» Work request: Output exactly the lines of the listing below that run from the line with "8 Body Parts" through the line with "Aligners | Digident Lab". No pictures.

» Record set:
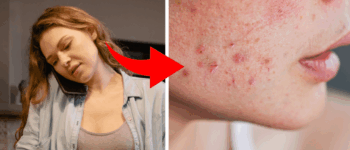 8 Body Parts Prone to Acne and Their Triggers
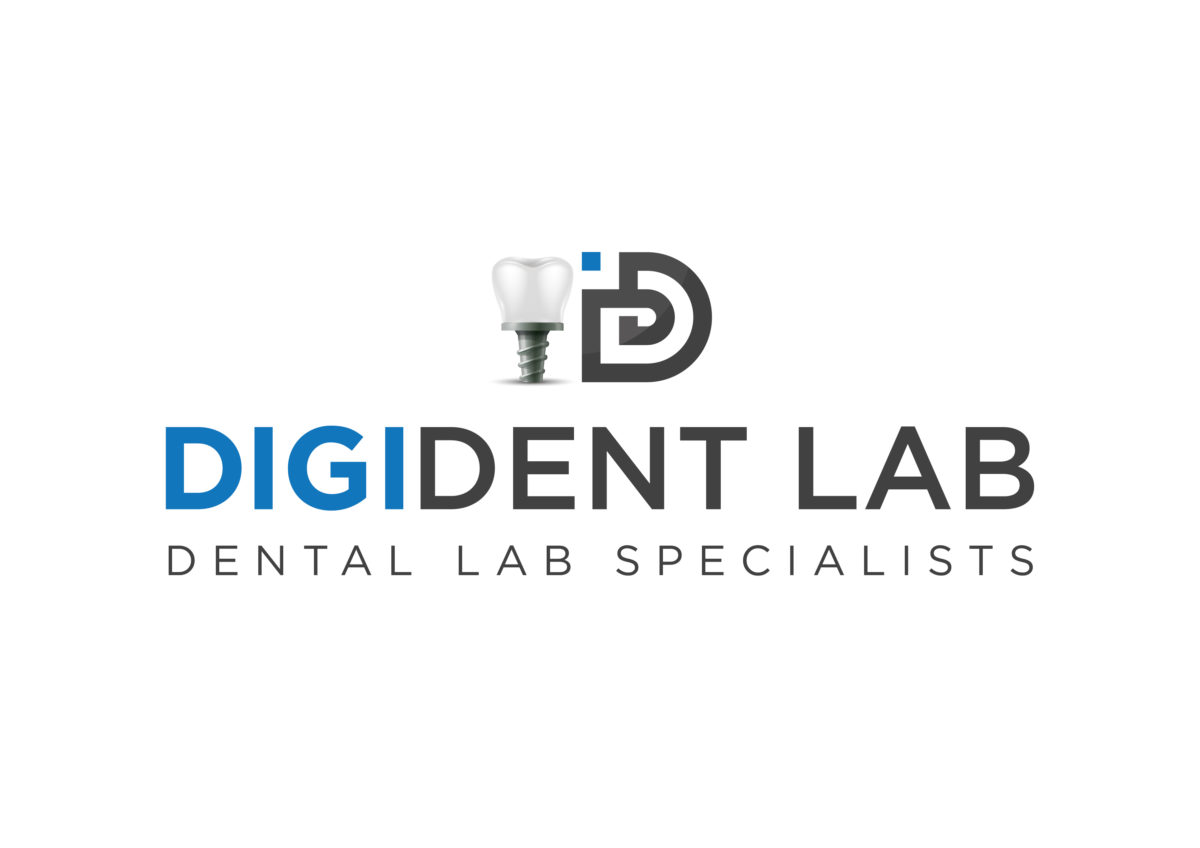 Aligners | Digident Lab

--

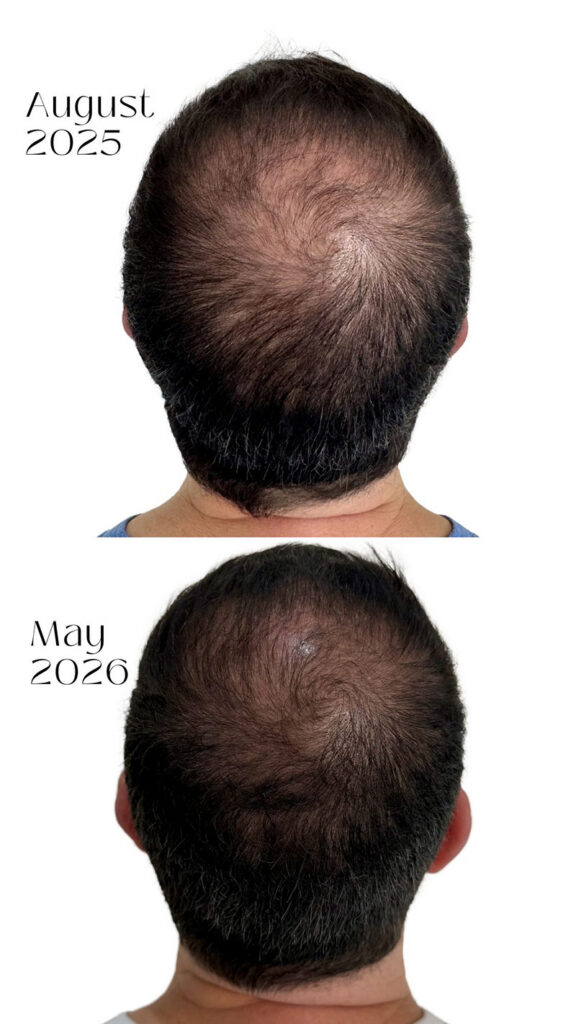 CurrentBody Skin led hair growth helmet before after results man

» Solution below:
 8 Body Parts Prone to Acne and Their Triggers
 Aligners | Digident Lab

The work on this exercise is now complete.